As I recall (just watching it 10 minutes ago) it is was the same striking motions performed in the video. Either way the technique has not been made of aware of in class, so I don't know why you blame ME for that.


----------



## Gnarlie

Axiom said:


> Yet the instructional states: This is *similiar* to the knife hand except for the thumb tucked in (and fingers straight).


And the different striking surface, targets, and body mechanics required. So, completely different. The similarity lies only in the face that it uses an edge of the hand. There is no need for bent fingers with this technique because of the different mechanic. Come one dude, this is simple. 

Sent from my Nexus 6P using Tapatalk


----------



## Axiom

Dirty Dog said:


> Neither the knife hand nor the (totally different) ridge hand involve striking with the fingers.
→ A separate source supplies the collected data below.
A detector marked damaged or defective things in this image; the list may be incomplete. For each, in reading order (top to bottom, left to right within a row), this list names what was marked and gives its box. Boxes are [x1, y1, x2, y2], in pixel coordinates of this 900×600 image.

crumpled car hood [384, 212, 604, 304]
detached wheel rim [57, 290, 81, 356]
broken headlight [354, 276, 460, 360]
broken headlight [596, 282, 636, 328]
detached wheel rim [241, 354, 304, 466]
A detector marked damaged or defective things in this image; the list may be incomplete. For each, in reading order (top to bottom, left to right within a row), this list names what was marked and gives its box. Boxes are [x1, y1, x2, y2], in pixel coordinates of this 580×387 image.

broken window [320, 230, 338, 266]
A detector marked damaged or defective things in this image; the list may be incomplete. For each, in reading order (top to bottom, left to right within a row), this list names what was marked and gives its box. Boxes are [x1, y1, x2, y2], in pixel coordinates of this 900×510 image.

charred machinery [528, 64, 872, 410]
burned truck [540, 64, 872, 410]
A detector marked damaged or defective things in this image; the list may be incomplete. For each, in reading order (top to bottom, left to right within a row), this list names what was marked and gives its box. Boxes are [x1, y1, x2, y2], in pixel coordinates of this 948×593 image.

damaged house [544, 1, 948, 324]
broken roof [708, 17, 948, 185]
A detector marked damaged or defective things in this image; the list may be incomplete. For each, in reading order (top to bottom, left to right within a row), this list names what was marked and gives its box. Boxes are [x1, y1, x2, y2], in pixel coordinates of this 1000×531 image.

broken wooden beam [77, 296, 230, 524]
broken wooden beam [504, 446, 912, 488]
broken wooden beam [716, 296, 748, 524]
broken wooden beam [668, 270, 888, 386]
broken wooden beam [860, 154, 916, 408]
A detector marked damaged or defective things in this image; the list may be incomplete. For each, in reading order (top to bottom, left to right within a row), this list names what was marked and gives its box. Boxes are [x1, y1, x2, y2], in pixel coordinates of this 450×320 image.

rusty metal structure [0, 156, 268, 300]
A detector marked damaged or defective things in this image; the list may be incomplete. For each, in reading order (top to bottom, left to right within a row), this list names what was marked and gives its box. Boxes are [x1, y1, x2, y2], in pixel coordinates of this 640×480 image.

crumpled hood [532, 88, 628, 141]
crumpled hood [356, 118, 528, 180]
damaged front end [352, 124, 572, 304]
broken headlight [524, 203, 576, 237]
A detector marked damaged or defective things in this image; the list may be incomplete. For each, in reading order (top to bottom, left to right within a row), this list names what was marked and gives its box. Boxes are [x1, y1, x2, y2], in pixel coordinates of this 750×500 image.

I didn't say striking with the fingers as the point of impact with either technique, I said striking *with the fingers being straight. *


----------



## Dirty Dog

Axiom said:


> As I recall (just watching it 10 minutes ago) it is was the same striking motions performed in the video. Either way the technique has not been made of aware of in class, so I don't know why you blame ME for that.



The striking motions for a knifehand vs ridgehand vs spearhand are completely and totally different.
Your instructor may be holding off on introducing the other techniques simply because he is aware of your limited understanding and doesn't want to confuse you more than you already are.


----------



## Gnarlie

Axiom said:


> As I recall (just watching it 10 minutes ago) it is was the same striking motions performed in the video. Either way the technique has not been made of aware of in class, so I don't know why you blame ME for that.


Hang on, I thought you were the one correcting your 9th dan instructor? Doesn't that mean you know best? Now that you DON'T know about something, you want to push it onto your 9th dan again? Sounds fishy to me. 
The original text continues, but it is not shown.